Fortunately, his daughter has had no melanomas since, but Tom’s melanoma persisted, and he’s had 16 more melanomas over the last ten years.

His dad’s side of the family has also seen a lot of melanoma: “An uncle, cousins—seven or eight of us who have had melanoma, and one cousin died of it.”

Father, daughter, and other relatives: a family history of melanoma.

Treatments and more treatments

Tom has been prescribed a variety of treatments over the years, starting with Interferon, the only treatment available when he was first diagnosed.

“That was a tough year,” he said. “It’s a very difficult drug to tolerate. The fatigue is extreme.”

After Interferon, he was treated with Dendritic cells, ipilimumab (Yervoy), and pembrolizumab (Keytruda). He tolerated all the treatments well, but tumors continued to appear. Finally, in 2018, he was treated with T-Vec—an injection directly into his last three tumors located in his left armpit—and within three weeks they were gone.

Tom notes that the treatments—plus patience, perseverance, and knowledge—have gotten him to where he is today.

Knowledge is power

Tom says education is an important part of his fight against melanoma. He’s always made it a point to attend multiple symposiums and seminars on melanoma as well as on other health issues he has faced—”to get involved in activities that would educate me,” as he puts it.

“I’ve always considered it important to take advantage of knowledge, to learn as much as I could,” he adds. This knowledge allows him to cooperate with the physicians who attend him. “Collaboration certainly has been a mainstay of my response to melanoma.”

Of all the melanoma educational events he has attended, he particularly appreciates AIM symposiums, the last of which he attended was the April 2019 AIM symposium at the University of Pittsburgh Medical Center (UPMC). “The best symposiums I’ve been to have been AIM at Melanoma’s. They’ve been excellently done. I have been supremely impressed with the planning, the execution, and the expanse of the information covered.”

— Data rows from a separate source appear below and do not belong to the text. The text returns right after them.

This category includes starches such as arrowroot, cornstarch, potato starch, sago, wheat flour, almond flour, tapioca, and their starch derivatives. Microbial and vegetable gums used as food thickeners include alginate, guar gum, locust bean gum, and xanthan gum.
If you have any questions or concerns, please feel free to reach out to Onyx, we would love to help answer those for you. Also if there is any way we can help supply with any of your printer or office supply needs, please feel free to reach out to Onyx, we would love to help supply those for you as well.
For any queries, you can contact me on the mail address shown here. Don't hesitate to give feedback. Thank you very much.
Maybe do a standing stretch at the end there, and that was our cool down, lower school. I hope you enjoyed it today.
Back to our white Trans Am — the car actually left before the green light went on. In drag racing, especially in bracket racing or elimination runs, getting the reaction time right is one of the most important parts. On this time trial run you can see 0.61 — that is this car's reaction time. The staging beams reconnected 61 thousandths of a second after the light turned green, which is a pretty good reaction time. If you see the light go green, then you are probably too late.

Tom especially appreciates that the presenters are people from his institution because listening to these experts helps to build and sustain the collaborative part of treatment that he believes is so important. “And it’s a confidence builder,” he adds. “It builds my confidence in the treatment I am getting. AIM’s use of local treatment specialists is vital.”

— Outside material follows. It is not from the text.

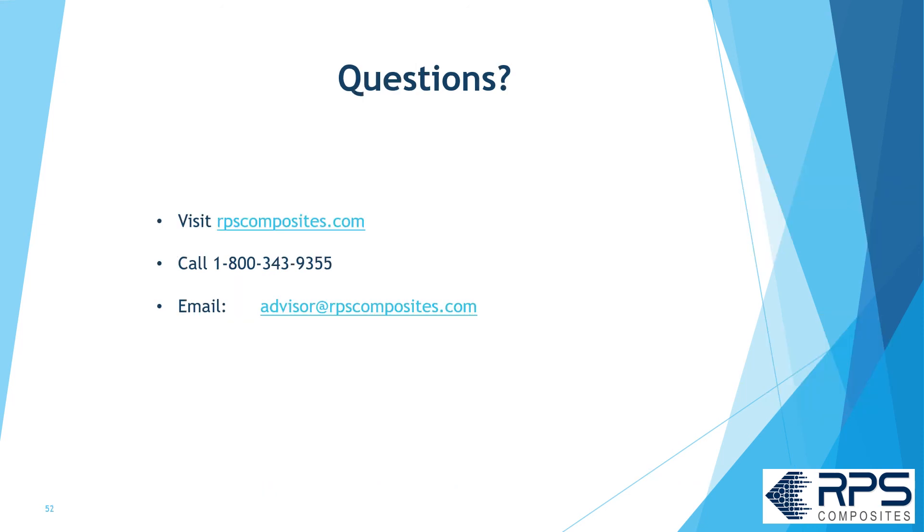If you have any more questions, visit rpscomposites.com, email us at advisor@rpscomposites.com, or give us a call.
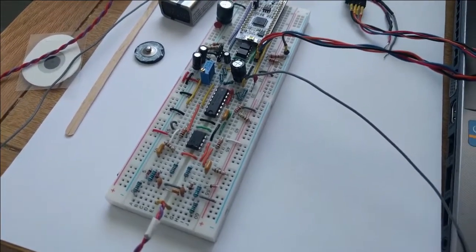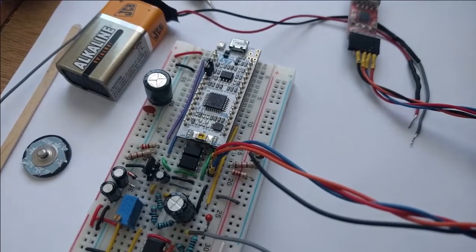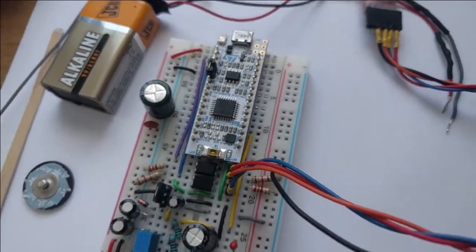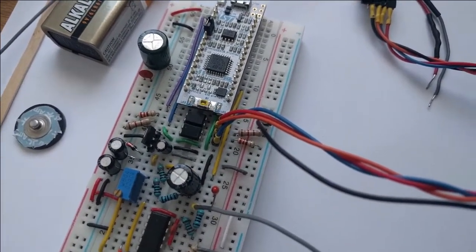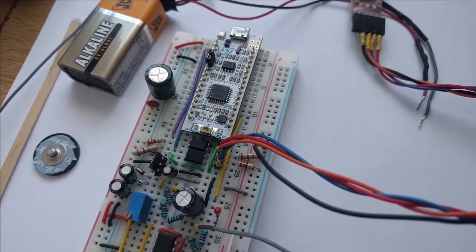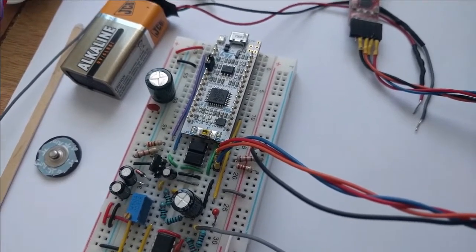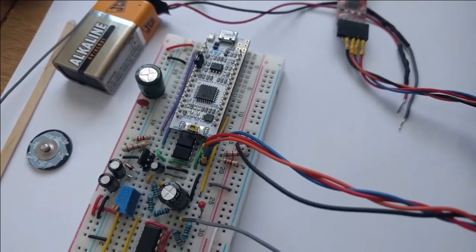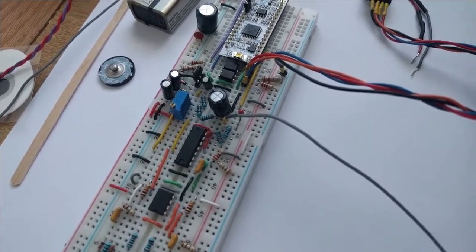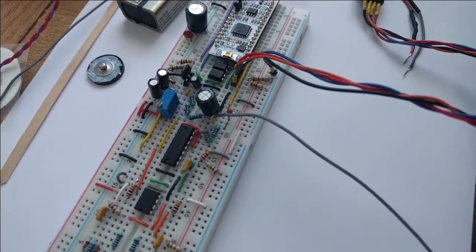This is the EEG measurement circuit. It's single channel. These are the two measurement electrodes. We're sampling at 1000 Hz and the microcontroller we're using is the STM32F303K8, which is sampling and then communicating with the PC through UART. Because I wanted the circuit to be isolated from the PC, there are optocouplers on the UART lines. It's powered by a 9 volt battery and we're using a driven right leg as our ground to compensate for interference, mostly 50 Hz noise from mains voltage.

Summing up his reasons for appreciating AIM symposiums, Tom says, “Knowledge is power. The more I know about my condition and understand my condition, the more comfortable I can be, the more at peace with it I can be, the more confidence I can have, and the more belief I can have that I can beat it.”

Back out on the road

Where will he and Donna go once they can travel again?

“We have thoroughly enjoyed the surprises around every corner of this country,” he says. They both have favorite national parks: For Tom, it’s Zion, and for Donna, it’s Bryce Canyon. In terms of states, Tom’s favorite is Wyoming and Donna’s is New Mexico.

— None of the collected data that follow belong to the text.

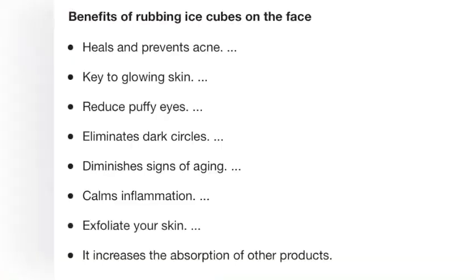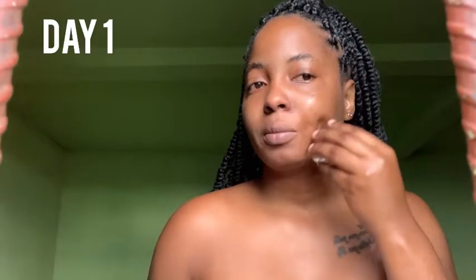I'm going to wash and dry off my face now. Day one of using the ice on my face — when applying the ice you should do a five-second rule. Feel free to pause and read so you can know the benefits of ice cubes on your face.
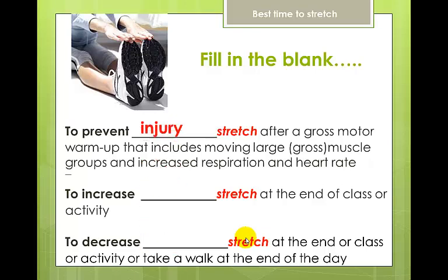Now let's fill in the blank. To prevent injury, stretch after a gross motor warm-up that includes moving large muscle groups with increased respiration and heart rate. To increase flexibility, stretch at the end of class or activity. To decrease soreness, stretch at the end of class, activity, or take a walk at the end of the day. Stretching reduces lactic acid, and lactic acid is what makes us feel sore.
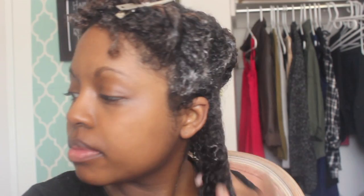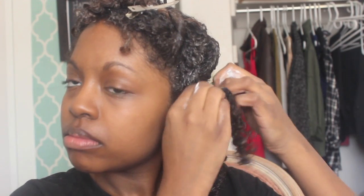By the end I'm finished with these six sections. Now I'm going to take my six big twists and separate them into little twists. I start at the bottom, undo the big twist, add some more coconut oil, just smooth it in there, and then begin to two-strand twist.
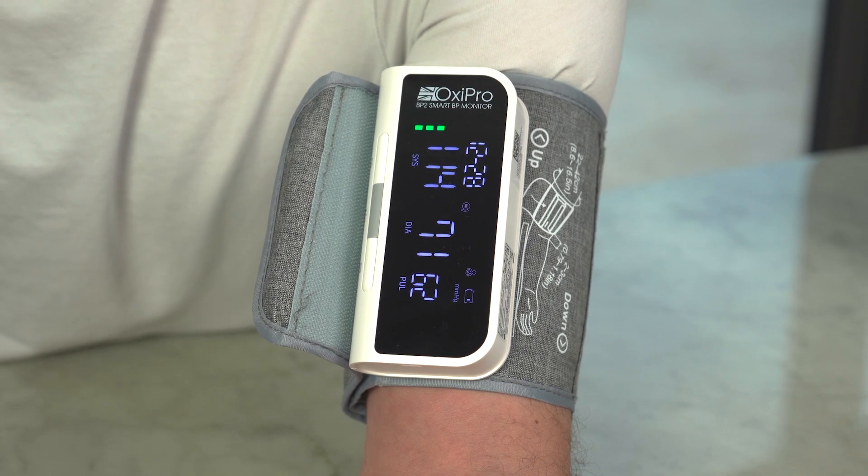To allow comparable readings, you should test at the same time each day, as your blood pressure will vary during the day. Always follow the directions of your doctor or medical practitioner. If you have any questions or queries, please feel free to contact us.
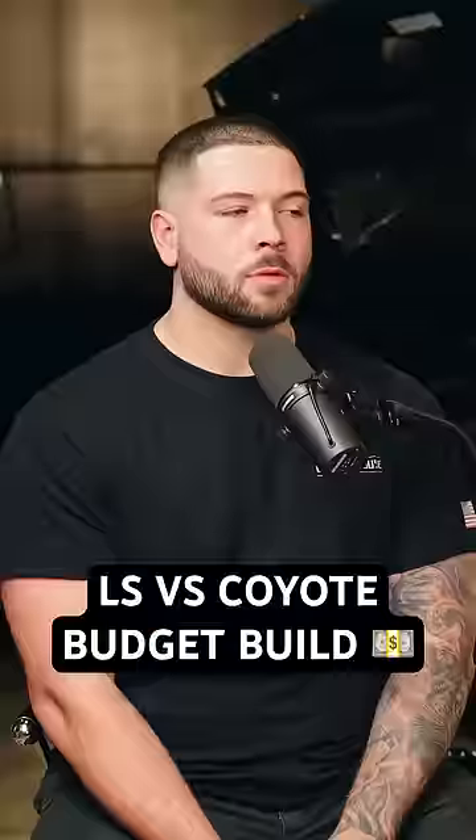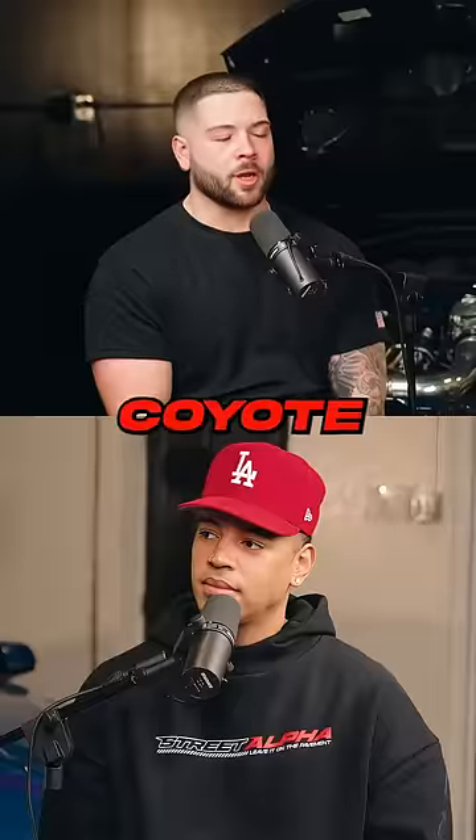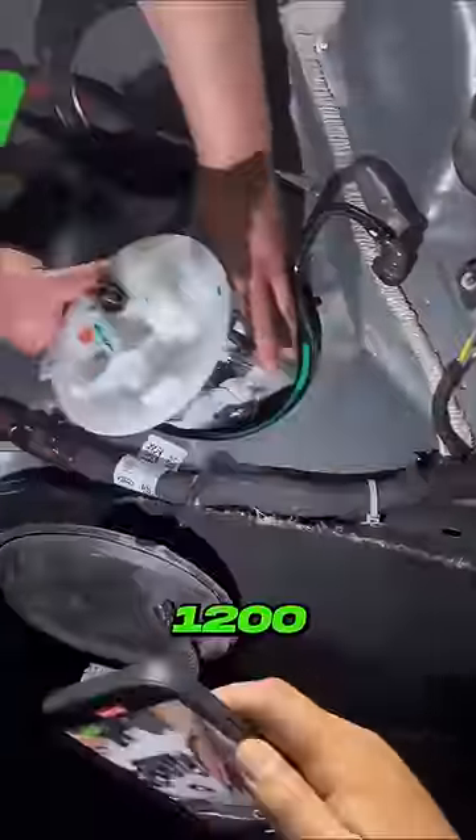$10,000 LS or Coyote? No labor included — I'd stick with the Coyote. $10k by yourself: ESS supercharger kit is $6,500. You could do a budget fuel system like a Psi-Lead kit or a Lethal Performance kit, $1,200 to $2,000. So you're at $8,000, and you still need injectors and a tune.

But wait: “Alaska and Hawaii are must go-to’s—for everybody, because they are so unique,” Tom says, emphatically. “Although we couldn’t drive to Hawaii, and it was far too inconvenient to drive to Alaska, we visited them otherwise. Both of those states are astoundingly beautiful!”

But wait again! Says Tom, “the single most impressive place I have ever been is in the middle of Utah, and it’s called Crater Lake.”

Wyoming, Utah, Alaska, Hawaii, and New Mexico…

Sounds like it may be a tough decision.